Task data:
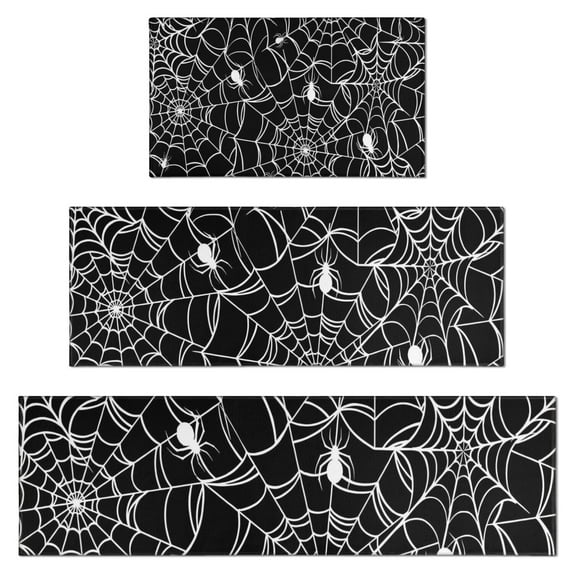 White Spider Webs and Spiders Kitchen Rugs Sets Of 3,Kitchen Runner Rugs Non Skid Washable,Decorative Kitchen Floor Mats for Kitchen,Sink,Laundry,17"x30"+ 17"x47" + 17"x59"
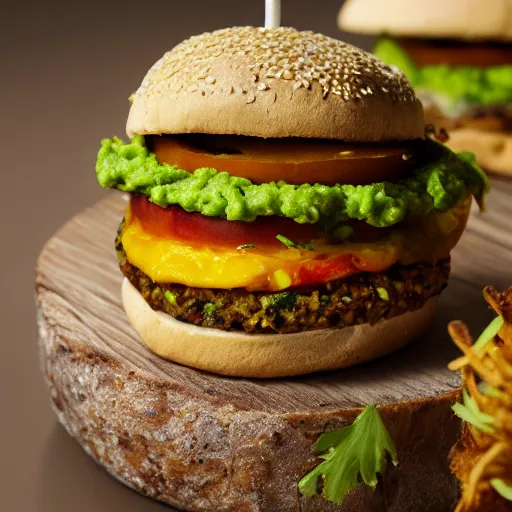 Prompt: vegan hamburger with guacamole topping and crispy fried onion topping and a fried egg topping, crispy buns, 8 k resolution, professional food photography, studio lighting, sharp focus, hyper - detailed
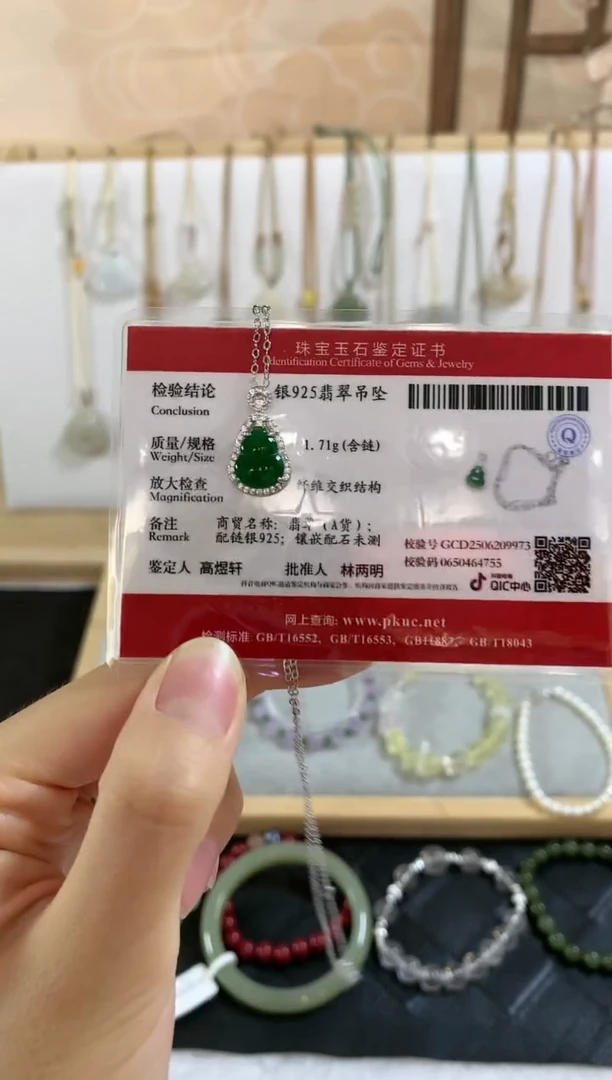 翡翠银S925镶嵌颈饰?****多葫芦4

* * *

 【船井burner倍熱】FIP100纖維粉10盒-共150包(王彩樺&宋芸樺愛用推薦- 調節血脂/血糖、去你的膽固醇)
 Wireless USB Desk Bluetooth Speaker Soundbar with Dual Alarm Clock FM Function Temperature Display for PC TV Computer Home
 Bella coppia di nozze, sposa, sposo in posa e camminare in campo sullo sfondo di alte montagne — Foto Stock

What is being asked:
Taking the line with "Wireless USB Desk" as the first and the line with "Bella coppia di" as the last, retype that stretch of the data above exactly, with no other lines.

Reply to the exercise:
 Wireless USB Desk Bluetooth Speaker Soundbar with Dual Alarm Clock FM Function Temperature Display for PC TV Computer Home
 Bella coppia di nozze, sposa, sposo in posa e camminare in campo sullo sfondo di alte montagne — Foto Stock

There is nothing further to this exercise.